L'été dernier, l'éventualité se matérialise autour de Françafrique. Au-delà de la partie musicale de ce projet, c'est l'attitude de Tiken qui a convaincu Tyrone. "Dans le passé, j'ai travaillé avec Bob et beaucoup d'artistes jamaïcains. Le reggae, à l'époque, c'était une musique de révolutionnaires, de contestation. Et ça faisait longtemps que je n'avais pas entendu un artiste qui défende la situation de son pays, sans crainte. Ça m'a beaucoup touché. Toutes ses chansons pourraient être sur n'importe quelle radio dans n'importe quel pays, elles sont d'actualité", explique-t-il.

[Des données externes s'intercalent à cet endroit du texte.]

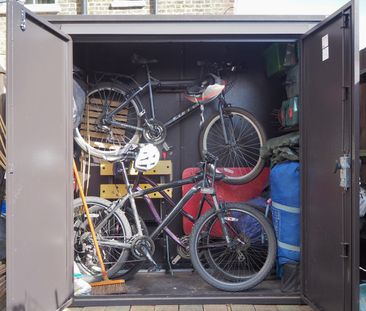 3 Bed Maisonette, Croxted Road, SE21 - Photo 4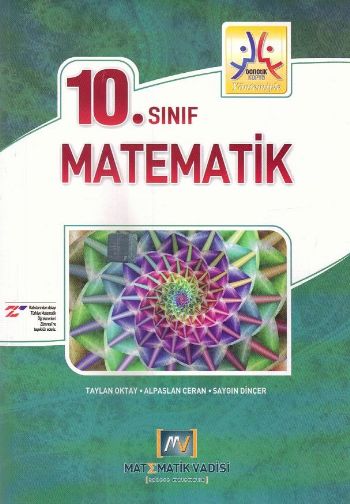 Matematik Vadisi 10. Sınıf Matematik K.A.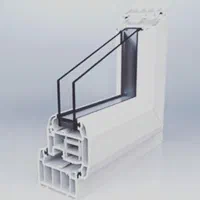 ساخت وفروش انواع درب و پنجره های دوجداره upvc|مصالح و تجهیزات ساختمان|بجنورد, |دیوار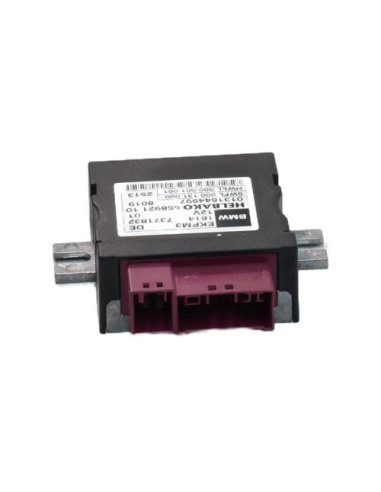 Calculateur BMW SERIE 5 F11 TOURING PHASE 2 BREAK Diesel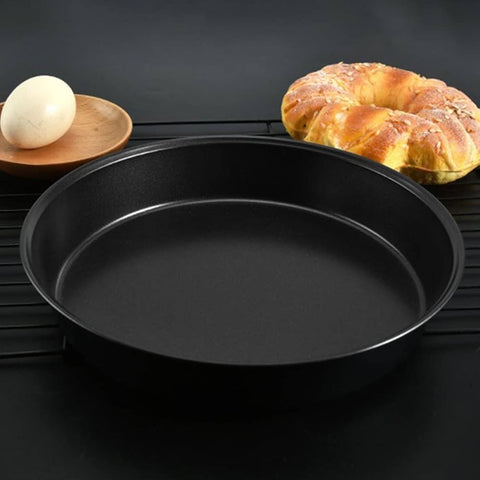 Premium Non Stick Pizza Pan 36x4.8cm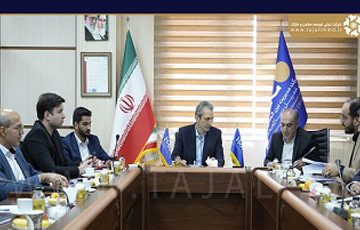 حضور «تجلی» در هیات مدیره «هیمکو»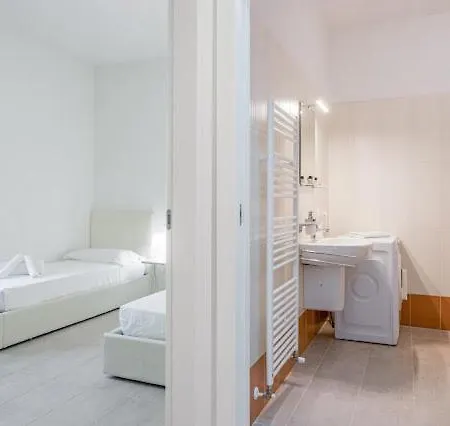 Aparthotel Nour - Castramajora Alloggi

Très à l'aise dans son rôle de réalisateur (et bien sûr de musicien), capable de concrétiser des idées et des envies artistiques, il était toutefois aidé dans sa tâche puisqu'il s'agissait de remodeler les morceaux de Tiken déjà enregistrés à Abidjan et sortis sur ses précédents albums : "C'était plus simple que de commencer à zéro, convient l'ancien Wailers. Il y avait une base, un feeling, une ambiance qui était déjà là. C'est comme si tu me donnais une voiture : les roues sont un peu trop grandes, il faut changer le carburateur, mais la voiture est déjà là. Il faut juste réparer ce qui ne va pas et mettre un peu de polish." L'objectif était de donner une dimension "jamafrican", mélange de Jamaïque et d'Afrique, à ce disque.
L'itinéraire à suivre était tracé d'avance, même si le départ a été donné à Montpellier, le temps de triturer les maquettes, d'allonger, de couper, de changer les tempos, les tonalités "pour arriver à quelque chose qui sonne bien avec un bon groove". Une fois ces bases déterminées, le duo s'est ensuite envolé vers la Jamaïque. Pour obtenir ce qu'il voulait, Tyrone savait qu'il fallait trouver des musiciens "compatibles" avec le style de Tiken. "On n'avait pas trop le choix, tient-il à préciser, parce qu'en Jamaïque, la plupart des musiciens font des programmations. Le reggae qu'on joue en France et en Afrique maintenant, c'est le reggae ancien. En Jamaïque, on n'écoute plus ça. Si tu veux de la musique ancienne, il faut aller chercher les anciens. Et quand ils ont joué, ils étaient dans leur élément. Il y avait un peu de la nostalgie. Beaucoup de musiciens maintenant s'ennuient parce que la musique moderne est stérile."
Et de conclure : "Avec Bob, j'ai eu un bon professeur. Tout ce que je connais par rapport à la musique, l'enregistrement, les tournées, être tout simplement professionnel, c'est lui qui me l'a appris. Avant, je ne connaissais rien. Je crois que c'est mon devoir de transmettre ça à un autre jeune. Un jour, il pourra communiquer à un autre ce que je lui aurai appris."